#### Aim of the task
From the line with "Composition Number of" to the final line, print the records exactly as they are.

#### Data provided
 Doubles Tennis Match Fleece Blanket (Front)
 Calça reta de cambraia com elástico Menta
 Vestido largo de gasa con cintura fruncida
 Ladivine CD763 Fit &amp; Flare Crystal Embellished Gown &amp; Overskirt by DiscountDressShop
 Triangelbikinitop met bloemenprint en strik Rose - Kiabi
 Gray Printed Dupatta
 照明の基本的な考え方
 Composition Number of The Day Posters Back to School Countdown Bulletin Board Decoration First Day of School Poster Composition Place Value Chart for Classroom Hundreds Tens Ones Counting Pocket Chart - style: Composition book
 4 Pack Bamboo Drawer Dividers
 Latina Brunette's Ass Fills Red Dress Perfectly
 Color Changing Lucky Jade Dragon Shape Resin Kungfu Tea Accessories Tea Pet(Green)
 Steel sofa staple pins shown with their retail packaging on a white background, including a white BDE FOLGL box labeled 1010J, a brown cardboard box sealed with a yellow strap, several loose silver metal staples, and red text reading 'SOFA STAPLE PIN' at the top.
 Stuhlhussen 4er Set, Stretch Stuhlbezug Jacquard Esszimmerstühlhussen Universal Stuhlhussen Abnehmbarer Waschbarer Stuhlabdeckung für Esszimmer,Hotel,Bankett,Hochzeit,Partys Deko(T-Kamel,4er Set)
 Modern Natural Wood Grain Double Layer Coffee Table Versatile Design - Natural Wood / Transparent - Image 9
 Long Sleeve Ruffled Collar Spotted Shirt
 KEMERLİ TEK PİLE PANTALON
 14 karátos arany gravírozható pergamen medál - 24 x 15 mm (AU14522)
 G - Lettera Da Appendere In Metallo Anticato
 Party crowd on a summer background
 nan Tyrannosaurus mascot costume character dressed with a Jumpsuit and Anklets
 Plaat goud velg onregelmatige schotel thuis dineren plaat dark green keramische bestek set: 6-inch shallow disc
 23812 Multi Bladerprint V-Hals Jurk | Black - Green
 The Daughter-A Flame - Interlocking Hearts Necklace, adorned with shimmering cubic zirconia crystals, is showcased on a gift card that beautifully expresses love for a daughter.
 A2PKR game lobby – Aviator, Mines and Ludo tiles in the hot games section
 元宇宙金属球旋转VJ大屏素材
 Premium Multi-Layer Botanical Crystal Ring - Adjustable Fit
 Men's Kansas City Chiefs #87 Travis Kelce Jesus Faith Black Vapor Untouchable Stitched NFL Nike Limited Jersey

#### Answer to this task
 Composition Number of The Day Posters Back to School Countdown Bulletin Board Decoration First Day of School Poster Composition Place Value Chart for Classroom Hundreds Tens Ones Counting Pocket Chart - style: Composition book
 4 Pack Bamboo Drawer Dividers
 Latina Brunette's Ass Fills Red Dress Perfectly
 Color Changing Lucky Jade Dragon Shape Resin Kungfu Tea Accessories Tea Pet(Green)
 Steel sofa staple pins shown with their retail packaging on a white background, including a white BDE FOLGL box labeled 1010J, a brown cardboard box sealed with a yellow strap, several loose silver metal staples, and red text reading 'SOFA STAPLE PIN' at the top.
 Stuhlhussen 4er Set, Stretch Stuhlbezug Jacquard Esszimmerstühlhussen Universal Stuhlhussen Abnehmbarer Waschbarer Stuhlabdeckung für Esszimmer,Hotel,Bankett,Hochzeit,Partys Deko(T-Kamel,4er Set)
 Modern Natural Wood Grain Double Layer Coffee Table Versatile Design - Natural Wood / Transparent - Image 9
 Long Sleeve Ruffled Collar Spotted Shirt
 KEMERLİ TEK PİLE PANTALON
 14 karátos arany gravírozható pergamen medál - 24 x 15 mm (AU14522)
 G - Lettera Da Appendere In Metallo Anticato
 Party crowd on a summer background
 nan Tyrannosaurus mascot costume character dressed with a Jumpsuit and Anklets
 Plaat goud velg onregelmatige schotel thuis dineren plaat dark green keramische bestek set: 6-inch shallow disc
 23812 Multi Bladerprint V-Hals Jurk | Black - Green
 The Daughter-A Flame - Interlocking Hearts Necklace, adorned with shimmering cubic zirconia crystals, is showcased on a gift card that beautifully expresses love for a daughter.
 A2PKR game lobby – Aviator, Mines and Ludo tiles in the hot games section
 元宇宙金属球旋转VJ大屏素材
 Premium Multi-Layer Botanical Crystal Ring - Adjustable Fit
 Men's Kansas City Chiefs #87 Travis Kelce Jesus Faith Black Vapor Untouchable Stitched NFL Nike Limited Jersey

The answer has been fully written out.